Francis Knyvett McNamara

Personal information
- Full name: Francis Knyvett McNamara
- Born: 30 April 1912 Mussoorie, United Provinces, British Raj
- Died: 7 January 1992 (aged 79) Worthing, Sussex, England
- Batting: Right-handed
- Bowling: Left-arm medium

Career statistics
| Competition | First-class |
| Matches | 1 |
| Runs scored | 18 |
| Batting average | 9.00 |
| 100s/50s | –/– |
| Top score | 16 |
| Balls bowled | – |
| Wickets | – |
| Bowling average | – |
| 5 wickets in innings | – |
| 10 wickets in match | – |
| Best bowling | – |
| Catches/stumpings | –/– |
- Source: Cricinfo, 9 April 2013

= Francis Knyvett McNamara =

English cricketer

Francis Knyvett McNamara (30 April 1912 - 7 January 1992) was an English cricketer. McNamara was a right-handed batsman who bowled left-arm medium pace. He was born at Mussoorie in the British Raj, and was educated at Marlborough College.
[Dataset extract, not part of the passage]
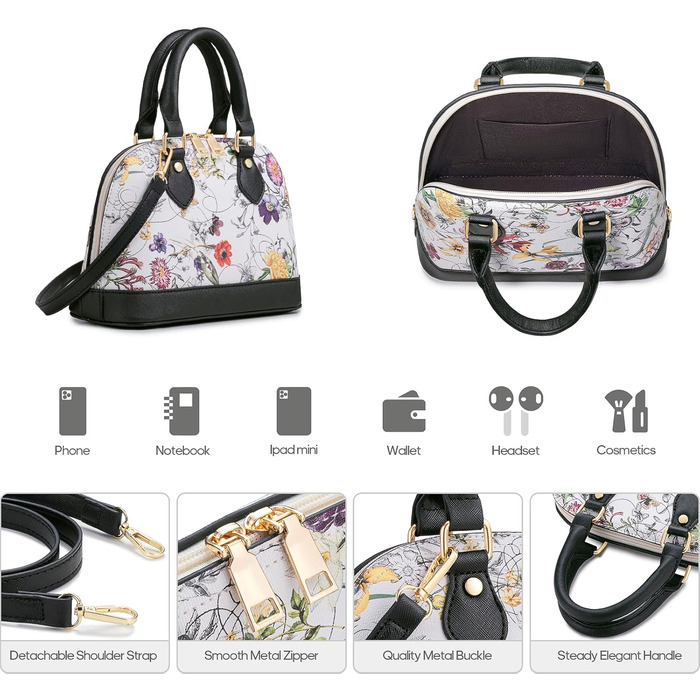 Bagsure Сумка жіноча 4 в 1: сумка-шопер, сумка на плече, ділова сумка для офісу, школи, подорожей (квітковий принт)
McNamara made a single first-class appearance for the Free Foresters against Cambridge University at Fenner's in 1952. In a match which Cambridge University won by an innings and 89 runs, he made scores of 16 opening the batting in the Free Foresters first-innings, before he was dismissed caught and bowled by John Warr, while in their second-innings he was dismissed for 2 runs by Charles Kenny. This was his only first-class appearance.

He died at Worthing, Sussex on 7 January 1992.